I am stuck on trying to prove a trig identity using De Moivre's theorem.

I have to prove, $$\cos(3\theta) = 4\cos^3(\theta) - 3\cos(\theta)$$

I am not sure where to even start, I broke the LHS down to $$\cos(3\theta) + i\sin(3\theta)$$

but I have no idea where to go from here, or if this is fully correct.

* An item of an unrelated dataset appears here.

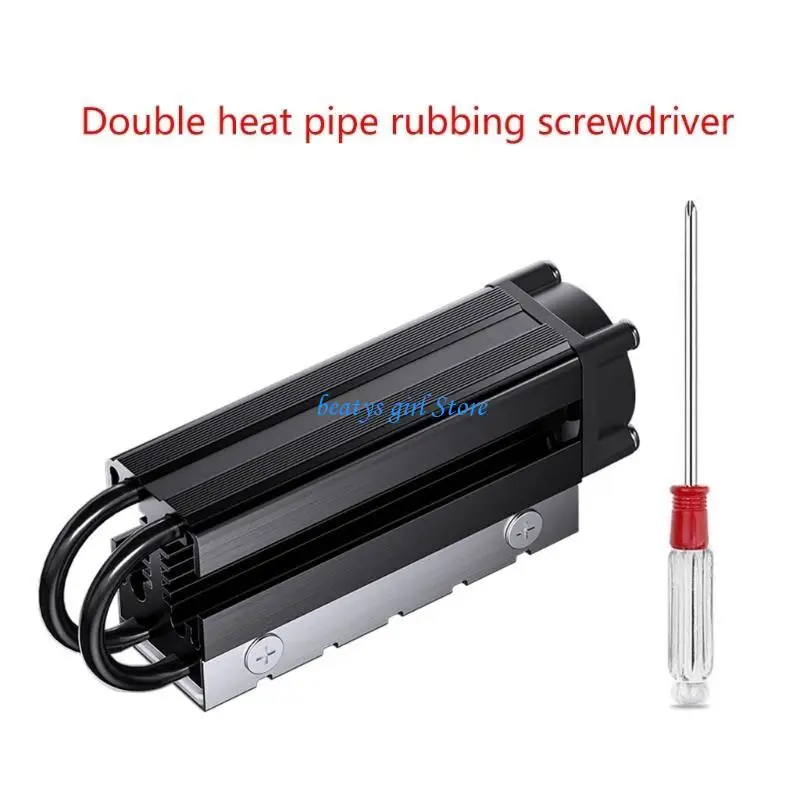 C7AB Keep Cooling 2280 Heatsink 2 Heat Pipe Silicones Thermal SSD Cooling Device Prevent Overheating and Extend Lifespans
C7AB Keep Cooling 2280 Heatsink 2 Heat Pipe Silicones Thermal SSD Cooling Device Prevent Overheating and Extend Lifespans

If I could get some pointers or a simple worked example that I could follow it would be great.

Thanks

Answer 1

De Moivre's formula reads $$(\cos\theta+i\sin\theta)^n=\cos(n\theta)+i\sin(n\theta)$$ Of course this identity implies the real part should be also equality. That is $$\cos(n\theta)=\Re\{(\cos\theta+i\sin\theta)^n\}$$ Hence we have $$\cos(3\theta)=\Re\{\cos^3\theta+3i\cos^2\theta\sin\theta-3\cos\theta\sin^2\theta-i\sin^3\theta\}=\cos^3\theta-3\cos\theta\sin^2\theta$$

Answer 2

Hint: $$\cos(n \phi) = \Re((\cos(\phi) + i\sin (\phi))^n)$$ Then use the Binomial Theorem to expand the expression.

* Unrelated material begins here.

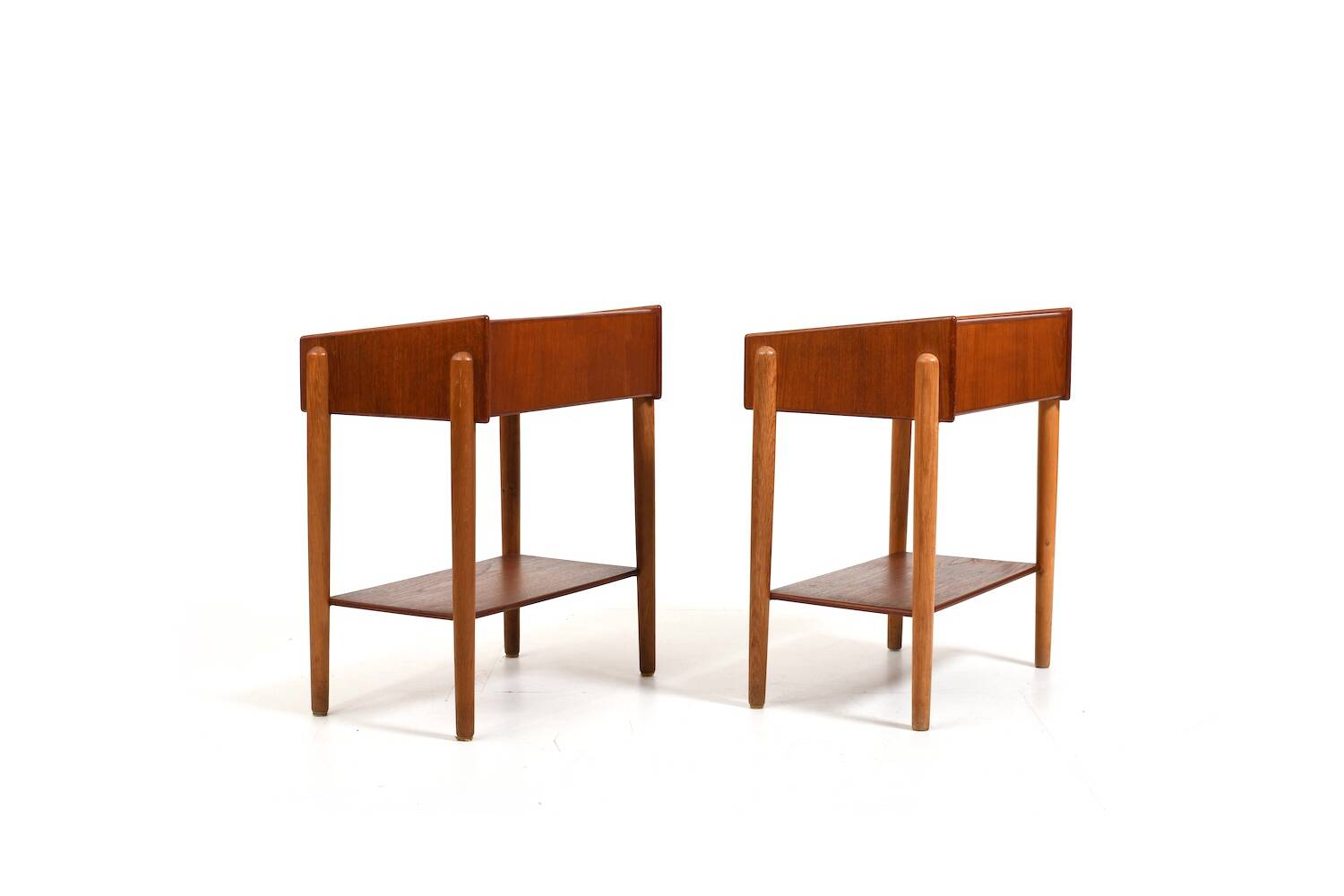 Teak and Oak Nightstands by Børge Mogensen 1950s.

(Where $\Re$ is the real part of the expression.)

Answer 3

Hint: Using de Moivre's identity: $$ \cos 3\theta = \mathrm{Re}\left(e^{i3\theta}\right) $$ Now, $e^{i3\theta} = \left(e^{i\theta}\right)^3$ and (by definition of $e^{i\theta}$) $$\left(e^{i\theta}\right)^3 = \left(\cos\theta+i\sin \theta\right)^3 $$ Expand the RHS (it's only a cube, so it's straightforward), and simplify the $i^3$, $i^2$; then take the real part to get $\mathrm{Re}\left(e^{i3\theta}\right)$.